You'll find out soon.


----------



## TinCan782 (Jun 23, 2014)

Call AGR and explain the situation...you'll need the reservation number and other info. I did that once and got the points added right away. The assistant conductor came through the business car and wrote down our reservation numbers. Nothing got scanned!


----------



## Acela150 (Jun 23, 2014)

Not sure why he didn't just scan them.. Easier and quicker then writing down every ressy number. But some people have done things in a silly way.


----------



## TinCan782 (Jun 23, 2014)

Acela150 said:


> Not sure why he didn't just scan them.. Easier and quicker then writing down every ressy number. But some people have done things in a silly way.


That was in the early days of eTickets...most of us had paper tickets. The point is, call AGR!


----------



## Acela150 (Jun 23, 2014)

FrensicPic said:


> Acela150 said:
> 
> 
> > Not sure why he didn't just scan them.. Easier and quicker then writing down every ressy number. But some people have done things in a silly way.
> ...


Even in those days it was easier to scan and then punch to cancel them. I rode 642 when eTickets were debuting.. I asked the conductor if he's ready for the change over. He said yes but wasn't looking forward to the folks with current paper tickets it at the time make a little more paperwork. I rode 86 same day. 175 next day. someone who bought a ticket online for the trip was a print at home paper ticket. I was stunned to see a eTicket already.


----------



## TinCan782 (Jun 23, 2014)

Regardless of what may or may not be correct, that particular time, he wrote everyone's (the whole car) reservation number on a piece of paper to enter at a later time. Don't know why, that's what he did and as a result, my ticket was not lifted.

That said, I've boarded a sleeper and never produced a ticket, the conductor verified our name and we were good to go!


----------



## Railroad Bill (Jun 24, 2014)

We have had two instances in the past year where our ticket was not scanned when boarding in sleeper.

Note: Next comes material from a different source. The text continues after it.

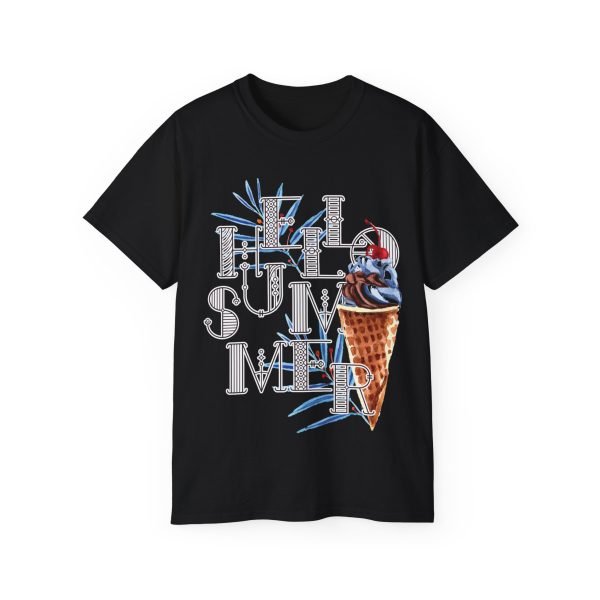 'Hello Summer' Unisex Ultra Cotton Tee - Image 23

On the LSL to NYP there was no scan and I later learned our trip had been registered as a no-show. I called AGR and explained what happened and that I could prove I was on the train. They gave me the points.

This last trip we were using points but our trip from TOL to ABQ could have been in danger if the TOL-CHI initial part had been recorded as no-show and therefore the CHI-ABQ section on the SWC automatically would have been cancelled as well. I sought out the conductor (who was in the lounge car) on the CL and made sure our ticket had been recorded. He assured me the ticket had been recorded but I had him scan it anyway just to be safe.

It seems like the conductors get a bit lazy about making contact with all on board passengers and with the current E-ticket rules should make an effort to get to all passengers in all cars to see the tickets are actually scanned.


----------



## Acela150 (Jun 24, 2014)

FrensicPic said:


> Regardless of what may or may not be correct, that particular time, he wrote everyone's (the whole car) reservation number on a piece of paper to enter at a later time. Don't know why, that's what he did and as a result, my ticket was not lifted.
> 
> That said, I've boarded a sleeper and never produced a ticket, the conductor verified our name and we were good to go!


I can always agree with your statement. I have only been asked my name twice and that my recent trip to Chicago last September. On 449 the conductor didn't even come by. I stopped him after lunch and he said he manually put it in after the SCA told him what rooms were occupied which Ironcally was every room out of BOS. On the way back we were on our way to dinner and the conductor knocked and he asked last name, I said GURA and ANDERSON. His reply was "Gotcha"!


----------



## Silver Star rider (Jun 24, 2014)

Let me ask this question. If traveling on a overnight train in a sleeper, you just sign off your meal with your car and room number. Does anyone look to see if the rooms signed off on were indeed occupied? Wouldn't that be more proof that you did make the trip??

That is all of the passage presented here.